Secondly, I was thinking of Konvolut a of Benjamin’s Arcades Project (the editors title it ‘Social Movements’) and TJ Clark’s remarks on it – the original essay is paywalled but here’s the relevant paragraphs:
As an aside, I think Clark thought he was invoking a similar history “without consolation” in ‘For a Left with No Future’, which I’m also writing about at the moment, but he absolutely wasn’t. The tonality of such a history would be very different – something close, I think, to moments of The Holy Bible and Everything Must Go, but one that has its counterpart in something like Nas’ Illmatic. As Benjamin suggests in ‘On the Concept of History’, such a thought of history without progress is the only one that can co-operate with whatever was actually utopian in the history of the workers’ movement.

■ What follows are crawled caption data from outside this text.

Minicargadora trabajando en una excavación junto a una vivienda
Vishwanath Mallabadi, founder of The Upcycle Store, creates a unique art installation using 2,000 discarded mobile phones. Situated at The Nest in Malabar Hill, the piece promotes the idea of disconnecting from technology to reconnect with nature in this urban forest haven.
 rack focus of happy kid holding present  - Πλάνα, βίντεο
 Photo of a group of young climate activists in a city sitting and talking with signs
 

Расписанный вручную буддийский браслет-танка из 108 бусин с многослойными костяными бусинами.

There’s also a more general problem here, which I only gestured at in the piece, around time and temporality. Mark Fisher and, before him, Jameson, formulated a certain time-problem with the now-deadly phrase “it’s easier to imagine the end of the world than the end of capitalism”, a formula I now tend to think hinges on “imagine” rather than “end”. Fisher’s insistence in his late essays that neoliberalism’s hegemony entailed the “slow cancellation of the future” was answered, to some extent, by the ‘populist’ or fascist imaginaries I write of towards the end of the piece: Trumpism imagines a future, but one that consists of more of the same. (Hence the apocalyptic conspiracy outgrowths that have formed in reaction to this, particularly in the form of QAnon: the belief that Trump, contrary to appearances, is actually changing things, just in secret.) Industrial labour and the world it made in its own image provides a way of thinking and figuring time, but this thinking emerges only as the epistemology of a universal artificiality (as Debord says, inverting Hegel, “the true is a moment of the false”), and takes on its particular clarity in retrospect. By contrast, the left has only partially begun to produce collective tools of thought that can figure ongoing time as change rather than the Five Year Plans of minor technocratic reform dreamed up by the Democrats’ cadres. I think it therefore be insightful to read these problems alongside work examining the changing time-sense running from the beginnings of post-Fordism to now – Jasper Bernes’ fantastic The Work of Art in the Age of Deindustrialisation would be a good place to start, as would Sianne Ngai’s Our Aesthetic Categories and Mark McGurl’s writing on ‘Fiction in the Age of Amazon’. The narrative structure of a whole host of contemporary novels and films – most obviously the works of Tom McCarthy or Ben Lerner – could be seen in this light as trying to produce a kind of ‘cognitive mapping’ of time in the wake of deindustrialisation.